La situazione in Libia resta caotica, anche perché i membri della comunità internazionale perseguono obiettivi diversi. Non esiste una strategia comune, né un centro di coordinamento che possa elaborarla. O meglio, esistono solo in campo navale, del tutto marginale per la distruzione dell’Isis e la stabilizzazione del Paese.
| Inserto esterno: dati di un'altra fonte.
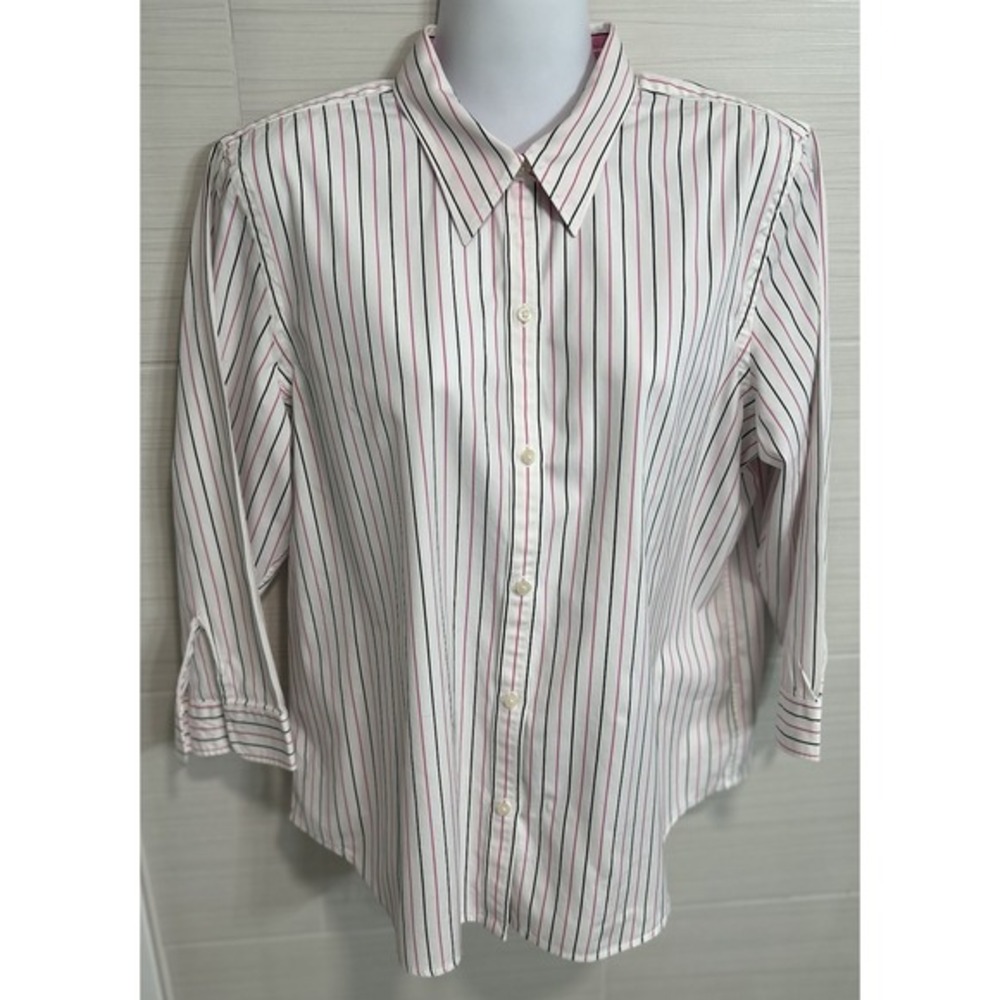 Lauren Ralph Lauren White Black Pink Stripe Full Button Shirt XL, Casual‎ Office
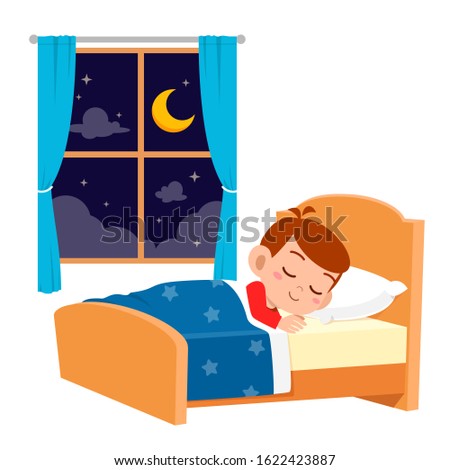 happy cute little kid boy sleep in the night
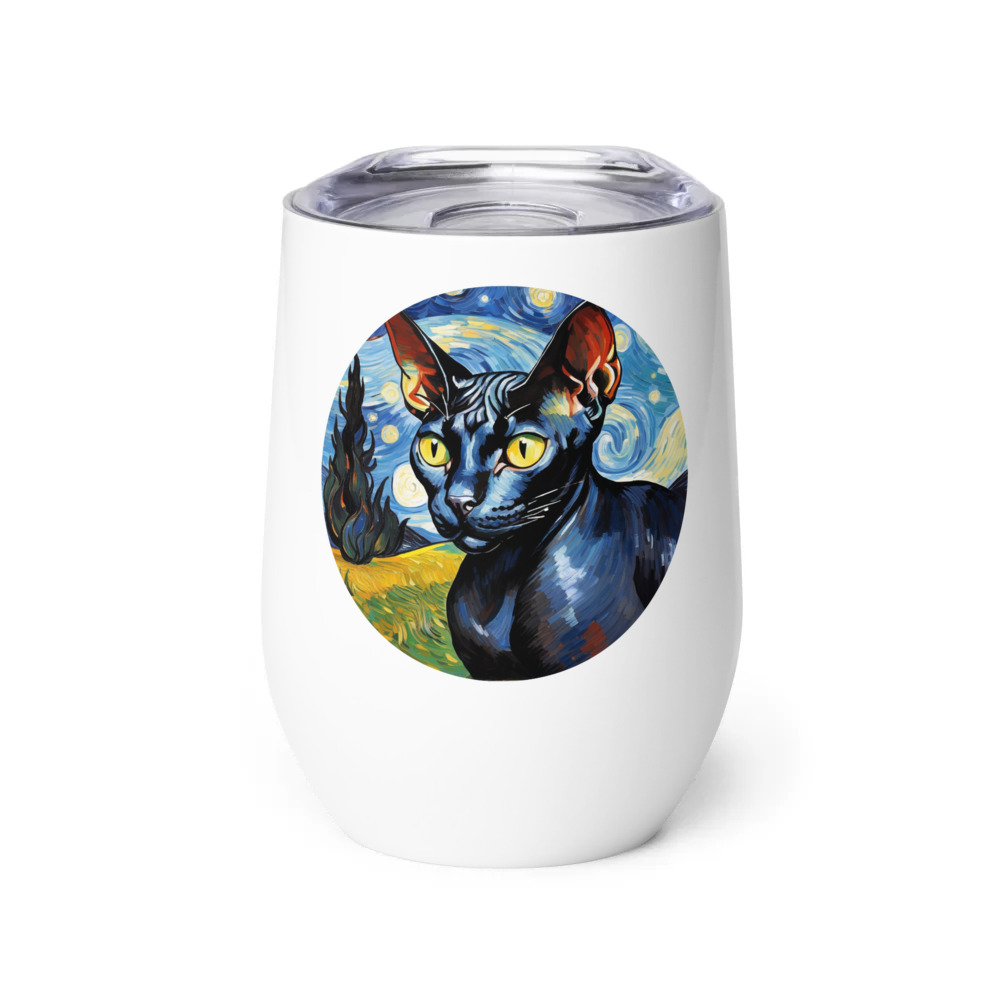 PugMug Custom Black Sphynx Cat Wine Tumbler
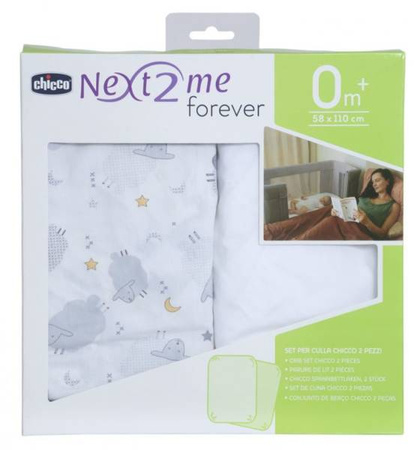 Chicco Next2Me Forever Prześcieradło 2szt. Grey Sheep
La Francia sostiene sempre più apertamente il generale Haftar e il governo di Tobruk, sponsorizzati dall’Egitto e dagli Stati del Golfo, eccetto il Qatar. Gli Usa, con cui dobbiamo allinearci per contare qualcosa, mantengono il piede in due staffe: hanno un gruppo di forze speciali a Misurata e uno a Bengasi. Hanno poi priorità diverse da quelle italiane. A Washington interessa distruggere l’Isis, senza impegnarsi oltre un certo limite, come dovrebbero fare se volesse stabilizzare il Paese, il che implica il disarmo delle milizie e delle gang criminali ad esse sempre più strettamente associate.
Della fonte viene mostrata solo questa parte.